In the listing below, locate the line containing "cane pointer inglese con preda fagiano" and the line containing "Calendrier Chats et". Output both of them and every line between, exactly as written, and nothing more.
= Beginning of Section =
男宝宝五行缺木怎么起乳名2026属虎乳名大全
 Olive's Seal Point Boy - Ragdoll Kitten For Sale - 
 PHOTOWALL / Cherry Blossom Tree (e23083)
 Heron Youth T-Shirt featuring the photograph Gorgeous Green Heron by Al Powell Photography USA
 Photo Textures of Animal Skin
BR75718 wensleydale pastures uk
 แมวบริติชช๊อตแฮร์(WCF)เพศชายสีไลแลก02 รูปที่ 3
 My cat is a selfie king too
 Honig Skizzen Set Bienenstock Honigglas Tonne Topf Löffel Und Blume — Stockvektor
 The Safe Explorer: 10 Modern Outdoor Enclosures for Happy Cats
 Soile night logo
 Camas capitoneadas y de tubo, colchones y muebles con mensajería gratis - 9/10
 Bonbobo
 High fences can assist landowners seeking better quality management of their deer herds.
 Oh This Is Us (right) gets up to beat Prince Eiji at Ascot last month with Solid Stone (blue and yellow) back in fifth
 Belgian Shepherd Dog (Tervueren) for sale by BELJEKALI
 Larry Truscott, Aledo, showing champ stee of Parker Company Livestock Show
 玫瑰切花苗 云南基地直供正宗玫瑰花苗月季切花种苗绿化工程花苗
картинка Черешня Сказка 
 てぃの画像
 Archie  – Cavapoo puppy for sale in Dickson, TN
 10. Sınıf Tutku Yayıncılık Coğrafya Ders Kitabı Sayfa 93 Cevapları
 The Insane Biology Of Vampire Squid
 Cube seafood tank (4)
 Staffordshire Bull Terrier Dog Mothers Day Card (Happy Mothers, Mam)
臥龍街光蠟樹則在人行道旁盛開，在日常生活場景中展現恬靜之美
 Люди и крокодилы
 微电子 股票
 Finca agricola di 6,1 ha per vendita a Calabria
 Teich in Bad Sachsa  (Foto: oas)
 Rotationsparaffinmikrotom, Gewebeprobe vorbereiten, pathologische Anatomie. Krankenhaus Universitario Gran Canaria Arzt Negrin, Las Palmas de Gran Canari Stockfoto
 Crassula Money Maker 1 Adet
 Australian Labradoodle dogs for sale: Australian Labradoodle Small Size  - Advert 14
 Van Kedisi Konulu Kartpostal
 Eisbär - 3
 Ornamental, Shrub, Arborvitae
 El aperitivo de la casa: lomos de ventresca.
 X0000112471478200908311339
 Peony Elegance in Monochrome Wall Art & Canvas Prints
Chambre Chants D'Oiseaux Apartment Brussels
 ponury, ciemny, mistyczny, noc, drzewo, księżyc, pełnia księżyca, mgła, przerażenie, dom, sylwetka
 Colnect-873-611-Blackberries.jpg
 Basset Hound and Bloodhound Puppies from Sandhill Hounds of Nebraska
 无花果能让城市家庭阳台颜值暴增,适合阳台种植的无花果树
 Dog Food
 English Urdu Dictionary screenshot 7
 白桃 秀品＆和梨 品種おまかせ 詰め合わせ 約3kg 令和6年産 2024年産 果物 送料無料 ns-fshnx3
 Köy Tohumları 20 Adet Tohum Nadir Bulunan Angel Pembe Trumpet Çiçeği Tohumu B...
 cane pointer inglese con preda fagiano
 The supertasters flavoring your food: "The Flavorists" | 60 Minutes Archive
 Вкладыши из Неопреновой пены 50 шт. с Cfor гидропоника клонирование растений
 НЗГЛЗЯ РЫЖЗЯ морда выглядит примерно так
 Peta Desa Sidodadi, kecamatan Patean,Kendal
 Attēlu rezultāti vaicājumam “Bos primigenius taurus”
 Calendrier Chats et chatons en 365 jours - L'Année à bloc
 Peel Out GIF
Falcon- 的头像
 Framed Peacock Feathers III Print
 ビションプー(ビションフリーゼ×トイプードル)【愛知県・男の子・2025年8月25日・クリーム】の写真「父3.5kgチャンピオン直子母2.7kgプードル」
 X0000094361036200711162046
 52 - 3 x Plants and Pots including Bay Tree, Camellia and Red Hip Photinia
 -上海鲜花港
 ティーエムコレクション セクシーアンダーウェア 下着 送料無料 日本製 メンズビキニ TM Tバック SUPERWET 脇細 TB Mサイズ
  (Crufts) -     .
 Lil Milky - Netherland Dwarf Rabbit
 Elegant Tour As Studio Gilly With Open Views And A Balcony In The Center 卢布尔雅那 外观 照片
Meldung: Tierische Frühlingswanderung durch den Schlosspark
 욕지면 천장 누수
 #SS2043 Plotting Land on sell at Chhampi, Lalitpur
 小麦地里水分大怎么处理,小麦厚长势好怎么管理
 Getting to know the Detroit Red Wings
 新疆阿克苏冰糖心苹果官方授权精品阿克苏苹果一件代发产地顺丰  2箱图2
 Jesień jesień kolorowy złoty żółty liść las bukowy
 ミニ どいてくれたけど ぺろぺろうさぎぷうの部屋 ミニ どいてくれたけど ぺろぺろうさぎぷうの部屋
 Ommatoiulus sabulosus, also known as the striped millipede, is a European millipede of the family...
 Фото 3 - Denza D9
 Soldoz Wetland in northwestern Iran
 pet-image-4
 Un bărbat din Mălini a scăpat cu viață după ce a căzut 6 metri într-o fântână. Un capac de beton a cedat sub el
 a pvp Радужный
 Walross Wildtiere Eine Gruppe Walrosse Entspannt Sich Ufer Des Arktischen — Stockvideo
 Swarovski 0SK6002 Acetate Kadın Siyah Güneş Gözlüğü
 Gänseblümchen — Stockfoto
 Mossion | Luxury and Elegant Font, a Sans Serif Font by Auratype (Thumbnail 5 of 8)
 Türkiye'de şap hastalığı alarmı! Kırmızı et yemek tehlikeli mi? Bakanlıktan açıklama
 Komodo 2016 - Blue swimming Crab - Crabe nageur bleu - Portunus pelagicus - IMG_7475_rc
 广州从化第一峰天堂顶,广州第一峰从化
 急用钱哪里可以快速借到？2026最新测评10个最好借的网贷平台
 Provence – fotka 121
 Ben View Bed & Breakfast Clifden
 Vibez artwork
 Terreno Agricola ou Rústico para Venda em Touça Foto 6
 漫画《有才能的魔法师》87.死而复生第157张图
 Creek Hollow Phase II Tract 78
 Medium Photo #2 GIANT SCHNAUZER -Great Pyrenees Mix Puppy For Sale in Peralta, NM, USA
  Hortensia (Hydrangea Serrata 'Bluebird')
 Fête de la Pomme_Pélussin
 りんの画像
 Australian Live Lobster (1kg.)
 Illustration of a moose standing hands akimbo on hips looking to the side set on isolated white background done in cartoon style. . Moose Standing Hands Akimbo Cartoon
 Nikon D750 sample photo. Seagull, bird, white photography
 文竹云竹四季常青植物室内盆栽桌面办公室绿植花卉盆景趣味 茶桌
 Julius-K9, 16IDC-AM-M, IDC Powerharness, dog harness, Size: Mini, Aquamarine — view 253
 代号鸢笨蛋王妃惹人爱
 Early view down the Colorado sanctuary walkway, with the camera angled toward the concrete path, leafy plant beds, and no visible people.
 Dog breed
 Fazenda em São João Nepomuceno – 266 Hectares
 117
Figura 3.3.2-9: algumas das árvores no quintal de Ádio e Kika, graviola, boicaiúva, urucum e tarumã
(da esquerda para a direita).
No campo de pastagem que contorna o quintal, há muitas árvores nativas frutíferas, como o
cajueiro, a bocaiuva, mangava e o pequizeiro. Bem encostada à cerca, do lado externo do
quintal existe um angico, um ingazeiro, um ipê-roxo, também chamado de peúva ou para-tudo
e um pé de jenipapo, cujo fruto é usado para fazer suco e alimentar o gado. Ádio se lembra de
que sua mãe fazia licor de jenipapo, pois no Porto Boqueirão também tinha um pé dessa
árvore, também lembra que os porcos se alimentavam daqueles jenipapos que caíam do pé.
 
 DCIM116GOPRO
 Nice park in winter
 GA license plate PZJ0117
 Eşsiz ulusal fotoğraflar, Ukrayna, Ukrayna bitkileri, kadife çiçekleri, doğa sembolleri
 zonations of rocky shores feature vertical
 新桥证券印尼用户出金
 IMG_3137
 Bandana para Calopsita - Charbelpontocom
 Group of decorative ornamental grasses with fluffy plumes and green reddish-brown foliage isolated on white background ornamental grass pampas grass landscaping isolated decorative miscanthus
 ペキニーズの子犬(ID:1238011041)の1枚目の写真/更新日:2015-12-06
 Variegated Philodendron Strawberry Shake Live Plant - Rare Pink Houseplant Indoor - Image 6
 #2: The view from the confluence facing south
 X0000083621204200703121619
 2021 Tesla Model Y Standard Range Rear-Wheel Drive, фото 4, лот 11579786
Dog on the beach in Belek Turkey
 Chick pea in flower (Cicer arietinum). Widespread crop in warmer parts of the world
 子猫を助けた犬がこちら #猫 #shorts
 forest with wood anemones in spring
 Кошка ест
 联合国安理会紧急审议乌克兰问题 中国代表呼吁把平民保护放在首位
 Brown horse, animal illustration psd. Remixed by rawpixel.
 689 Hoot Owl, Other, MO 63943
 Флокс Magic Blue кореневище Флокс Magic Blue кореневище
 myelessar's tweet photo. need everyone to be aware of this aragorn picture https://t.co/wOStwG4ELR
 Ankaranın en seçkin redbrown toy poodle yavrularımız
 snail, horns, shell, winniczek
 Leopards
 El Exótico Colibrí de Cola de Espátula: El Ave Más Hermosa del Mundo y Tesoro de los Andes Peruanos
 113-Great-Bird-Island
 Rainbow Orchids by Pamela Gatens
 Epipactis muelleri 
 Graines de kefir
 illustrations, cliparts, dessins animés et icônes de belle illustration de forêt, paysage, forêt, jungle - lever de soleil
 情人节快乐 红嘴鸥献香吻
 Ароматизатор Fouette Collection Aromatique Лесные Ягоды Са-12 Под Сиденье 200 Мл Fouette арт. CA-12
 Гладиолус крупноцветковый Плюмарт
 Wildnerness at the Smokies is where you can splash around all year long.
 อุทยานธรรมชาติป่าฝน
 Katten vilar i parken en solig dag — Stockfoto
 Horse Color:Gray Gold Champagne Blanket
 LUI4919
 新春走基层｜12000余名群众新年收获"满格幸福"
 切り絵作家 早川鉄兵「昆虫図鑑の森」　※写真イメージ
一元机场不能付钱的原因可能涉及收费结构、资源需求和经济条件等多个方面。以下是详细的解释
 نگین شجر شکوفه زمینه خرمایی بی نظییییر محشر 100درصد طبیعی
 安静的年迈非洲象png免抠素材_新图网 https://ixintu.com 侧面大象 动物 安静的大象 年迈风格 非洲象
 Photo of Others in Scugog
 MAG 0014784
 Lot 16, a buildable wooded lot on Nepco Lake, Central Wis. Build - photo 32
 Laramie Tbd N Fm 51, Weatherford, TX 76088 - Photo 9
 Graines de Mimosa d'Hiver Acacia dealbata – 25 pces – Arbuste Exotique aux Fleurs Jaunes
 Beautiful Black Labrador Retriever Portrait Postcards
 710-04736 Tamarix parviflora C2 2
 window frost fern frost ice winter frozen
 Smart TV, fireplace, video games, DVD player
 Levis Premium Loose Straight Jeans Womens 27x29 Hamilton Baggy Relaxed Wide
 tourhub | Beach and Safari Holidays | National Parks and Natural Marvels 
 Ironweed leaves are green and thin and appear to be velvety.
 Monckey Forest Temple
= End of Section =
▸ **ANSWER AREA**
 cane pointer inglese con preda fagiano
 The supertasters flavoring your food: "The Flavorists" | 60 Minutes Archive
 Вкладыши из Неопреновой пены 50 шт. с Cfor гидропоника клонирование растений
 НЗГЛЗЯ РЫЖЗЯ морда выглядит примерно так
 Peta Desa Sidodadi, kecamatan Patean,Kendal
 Attēlu rezultāti vaicājumam “Bos primigenius taurus”
 Calendrier Chats et chatons en 365 jours - L'Année à bloc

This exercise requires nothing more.